*** Opening of Input material ***

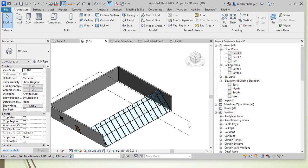Hope this video has given you an insight of how the walls can be slanted, different options that is there in the Revit 2023 in order to create the slanted walls.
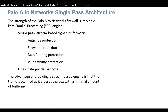Now, Palo Alto Network Single Path Architecture. The strength of the Palo Alto Network Firewall is the Single Path Parallel Processing, or SP3 engine for short. The Palo Alto Network Firewall allows you to specify security policy rules based on more accurate identification of each application seeking access to your network. It is unlike traditional firewalls that identify applications only by protocol and port number. It uses packet inspection and a library of application signatures to distinguish between applications that use the same protocol and port.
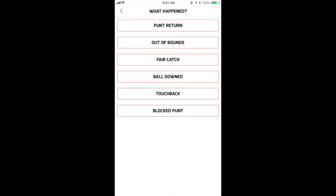You have six options: Punt Return, Out of Bounds, Fair Catch, Ball Downed, Touch Back, and Block Punt.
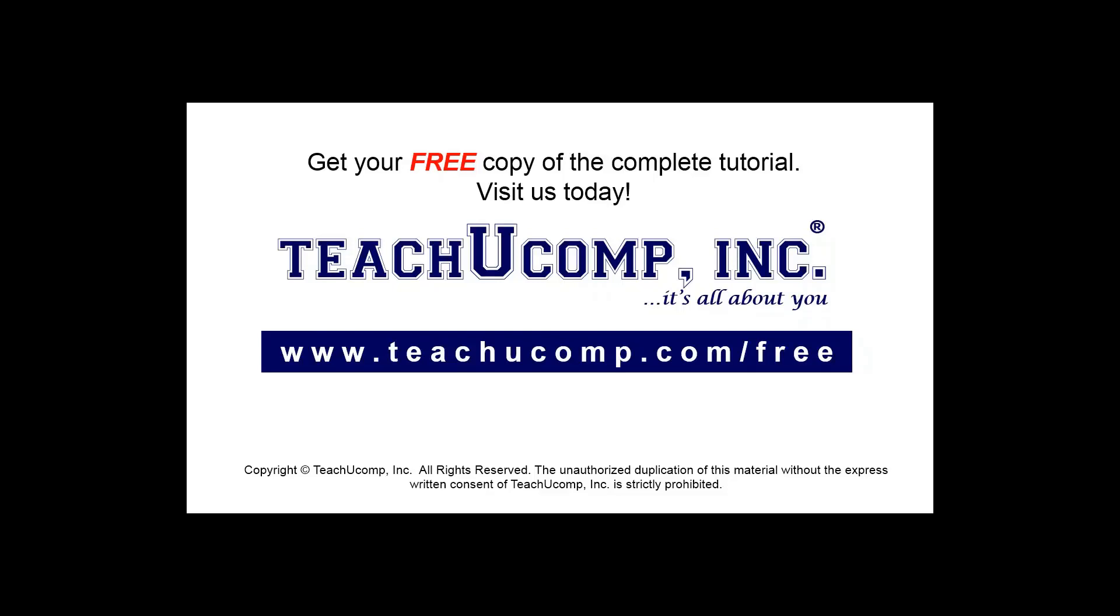Get your free copy of the complete tutorial at www.teachucomp.com forward slash free.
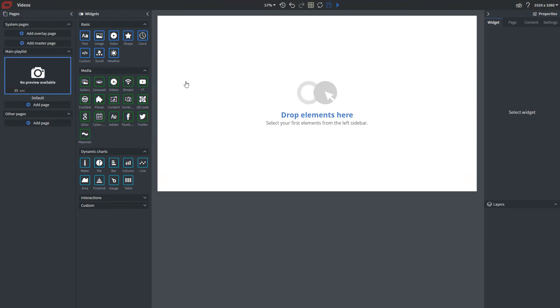Hi everyone, today I'm going to demonstrate how to use our video and videos widget within our content editor.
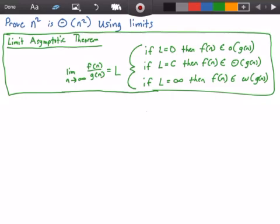In the green rectangle here we have the limit asymptotic theorem, which states that we have a limit as n approaches infinity of f of n divided by g of n, and it equals some limit that we call l. If l is equal to 0, then our function f of n belongs to or is little o of g of n. And if l equals c, where c is some constant value, then our function f of n belongs to or is big theta of g of n. And if our limit l is equal to infinity, then our function f of n belongs to little omega of g of n.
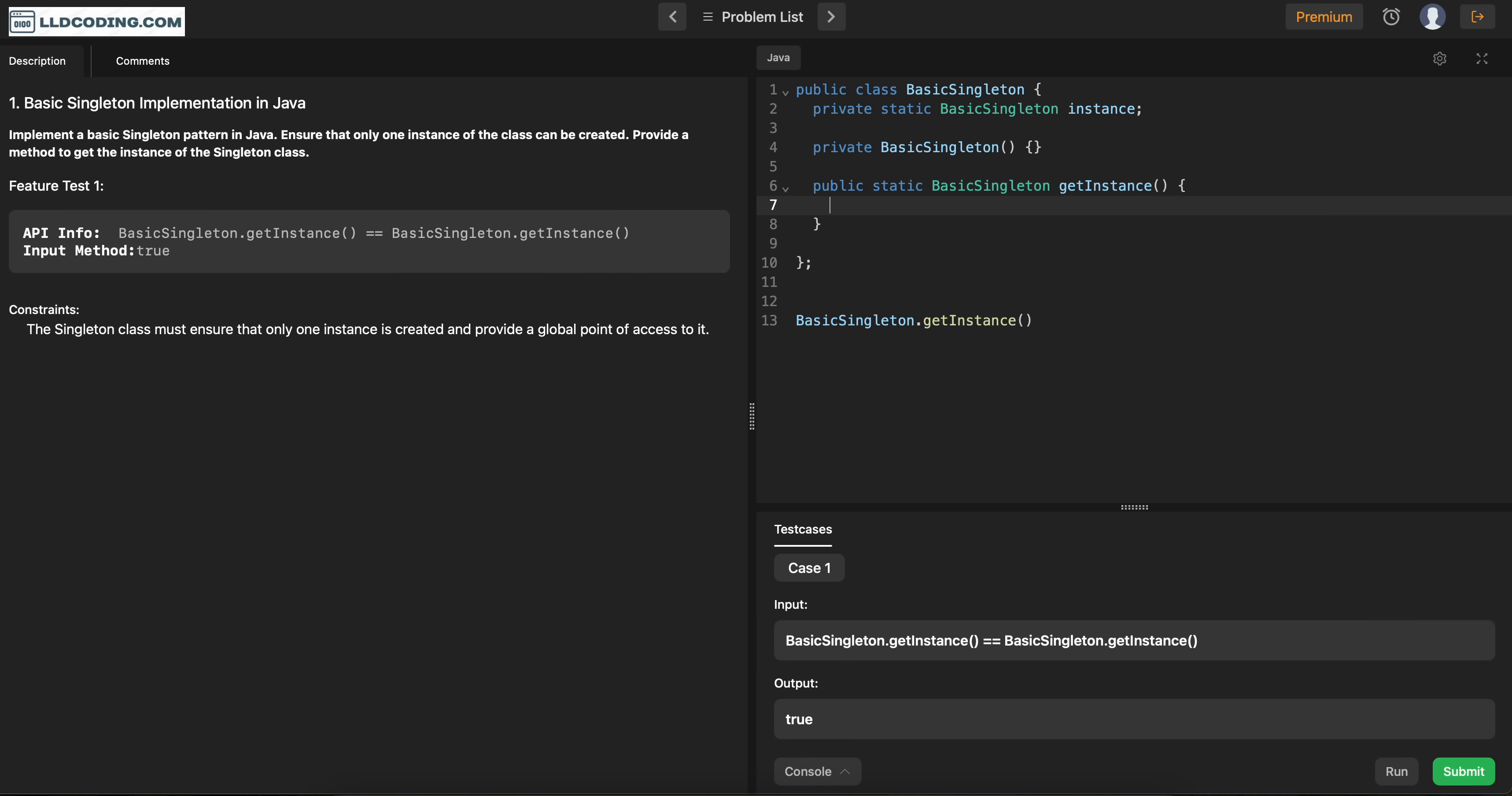Now, we are using this variable to hold the instance of this class. So what we will do? If instance is not, that means no one has created any instance for this yet. So we will create that.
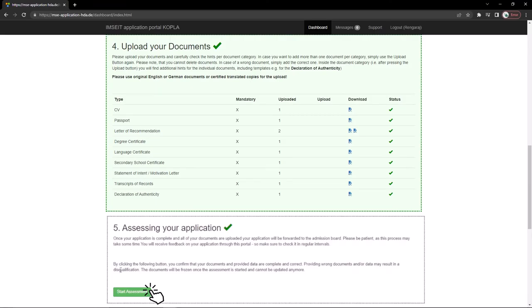After successfully uploading all documents, the next step is assessing your application. Once your application is complete, all your documents are uploaded, your application will be forwarded to the admission board. Please be patient as this process may take time. You will receive your feedback on your application through this portal, so make sure check it at regular intervals.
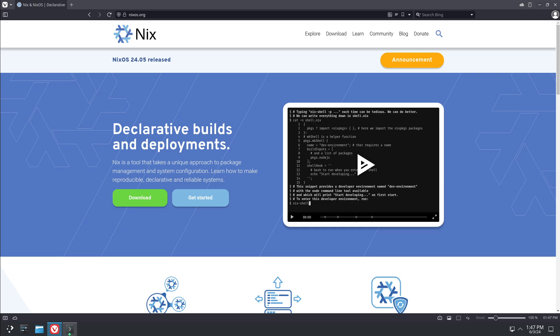So this is just going to be a very quick video today. NixOS 2405 has just been released, so we're going to go over just the basics of what to do for upgrading. There's basically two ways to do it.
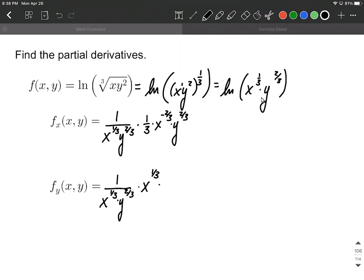Then we want to multiply by the derivative of y to the two-thirds. We're going to bring the exponent down in front and reduce the exponent by one. So two-thirds minus one, or two-thirds minus three-thirds, makes negative one-third for our new exponent. And there we have the partial derivative with respect to y. Just stay focused as you're doing these on which one we're treating as our variable and which one we're not — everything else is going to be treated like a constant.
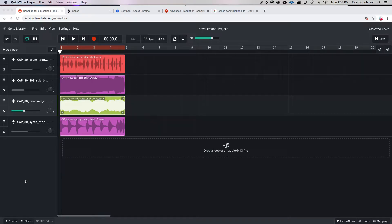All right, so we have some really good ideas. We've learned how to look for our loops, how to change the tempo, and we've also learned how to match up two different tempos and to match up two different song keys.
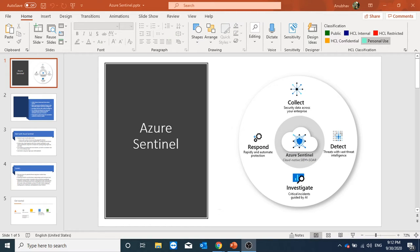Hi everyone, in today's video we will talk about Azure Sentinel and how to set it up. Azure Sentinel is a cloud-based SIEM solution by Microsoft.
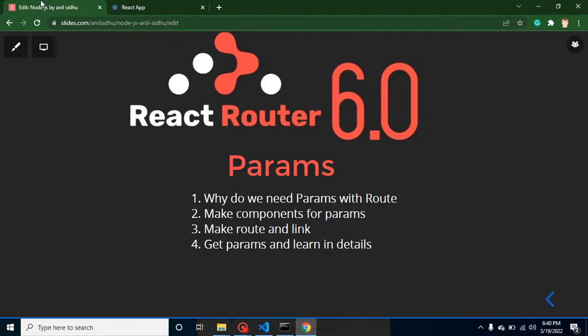With that way we can make the params and we also call it dynamic routing in React Router. Thank you so much and please don't forget to subscribe my channel and like this video. Please provide your valuable feedback also. Thank you so much.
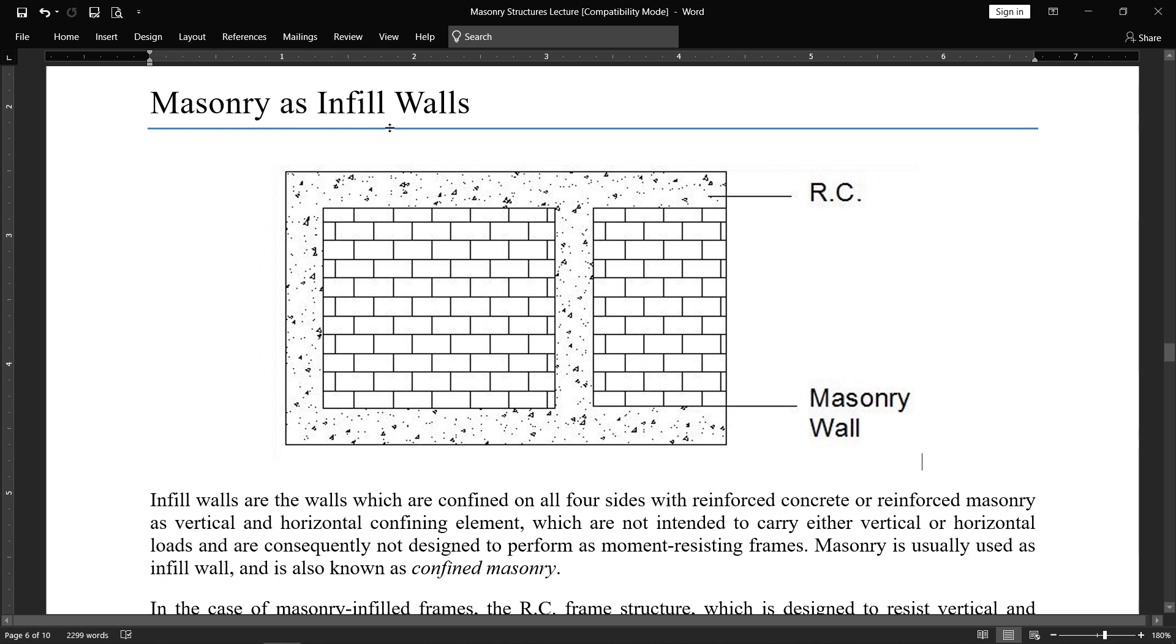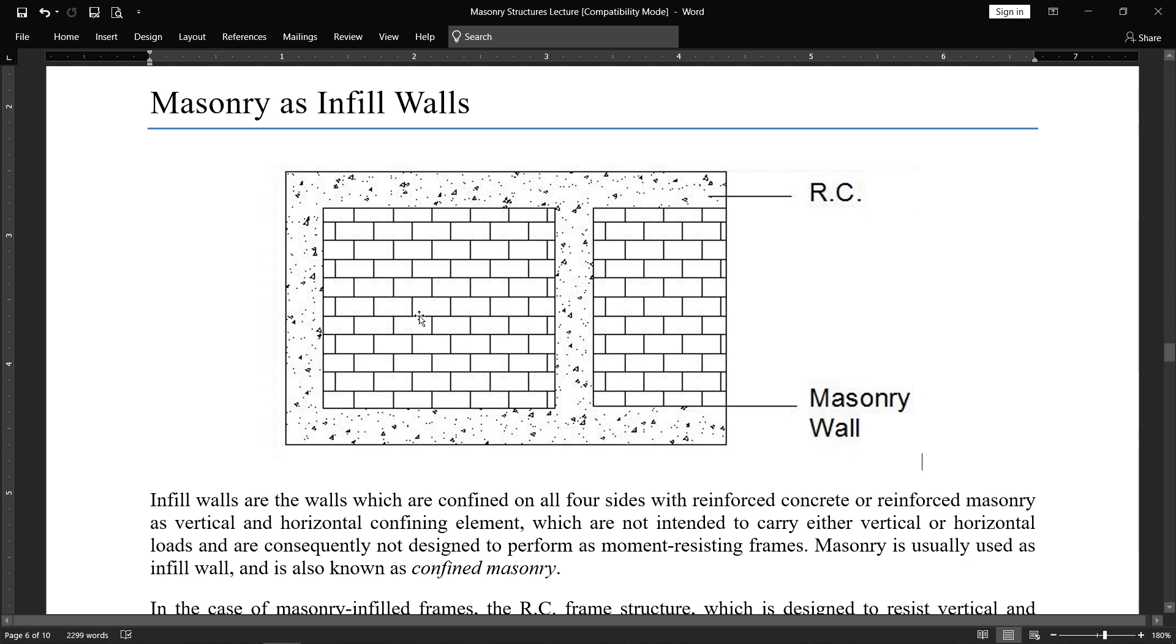Masonry as infill walls. We often see in any frame structures, masonry is used as infill walls. Infill walls are the walls which are confined on all four sides like beam, column, and either slab or bottom beam on all four sides with reinforced concrete or reinforced masonry as vertical and horizontal confining element, which are not intended to carry either vertical or horizontal load. These brick masonry walls do not intended to take the load. These are used as an infill and are subsequently not designed to perform as moment resisting frames. Masonry is usually used as infill wall and is also known as confined masonry.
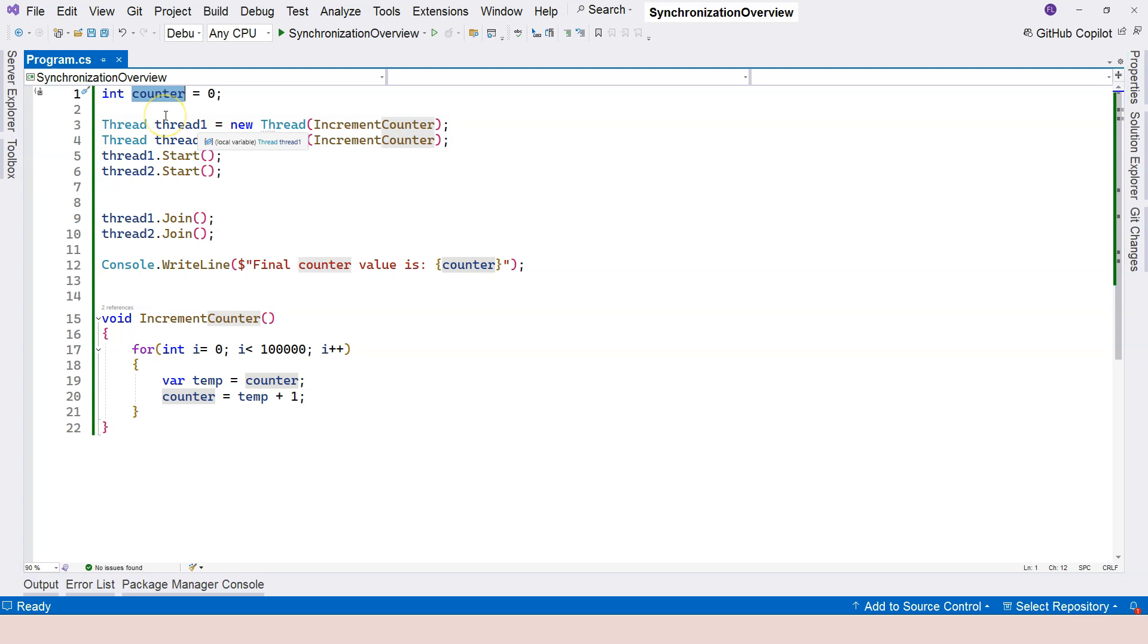So this is how it manifests in computer programming. Therefore, we need a technique to solve this type of problem. And the technique is called Thread Synchronization or simply Synchronization. We are going to talk more about this technique in the rest of this section. And that's everything I want to show you in this video. If you have any questions, please let me know. If not, I will see you in the next one.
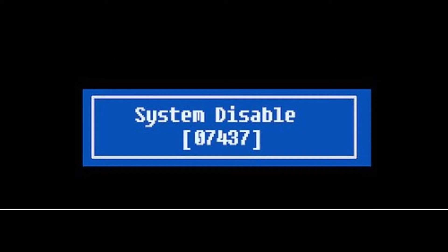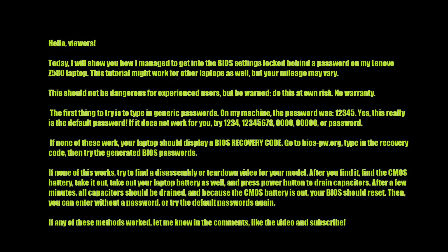If none of these work, your laptop should display a BIOS recovery code. Go to the BIOS, type in the recovery code, then try the generated BIOS passwords.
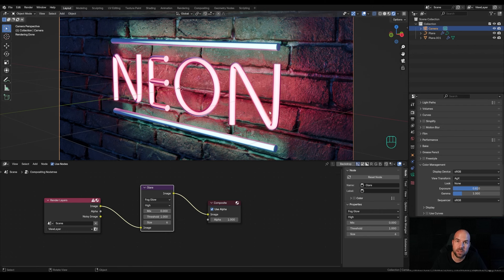That's it for the neon sign tutorial today. I really hope you enjoyed it, and if you did please leave that like. If you're new around here and you want to learn more, hit that subscribe. Thank you all for watching and have a wonderful day.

*** Close of Input material ***

◆ What the exercise asks ◆
Although the records above contain pictures, the copy should not; retype exactly the lines from the one containing "Get your free" through the one containing "Now, we are".

◆ Solution to this task ◆
Get your free copy of the complete tutorial at www.teachucomp.com forward slash free.
Hi everyone, today I'm going to demonstrate how to use our video and videos widget within our content editor.
In the green rectangle here we have the limit asymptotic theorem, which states that we have a limit as n approaches infinity of f of n divided by g of n, and it equals some limit that we call l. If l is equal to 0, then our function f of n belongs to or is little o of g of n. And if l equals c, where c is some constant value, then our function f of n belongs to or is big theta of g of n. And if our limit l is equal to infinity, then our function f of n belongs to little omega of g of n.
Now, we are using this variable to hold the instance of this class. So what we will do? If instance is not, that means no one has created any instance for this yet. So we will create that.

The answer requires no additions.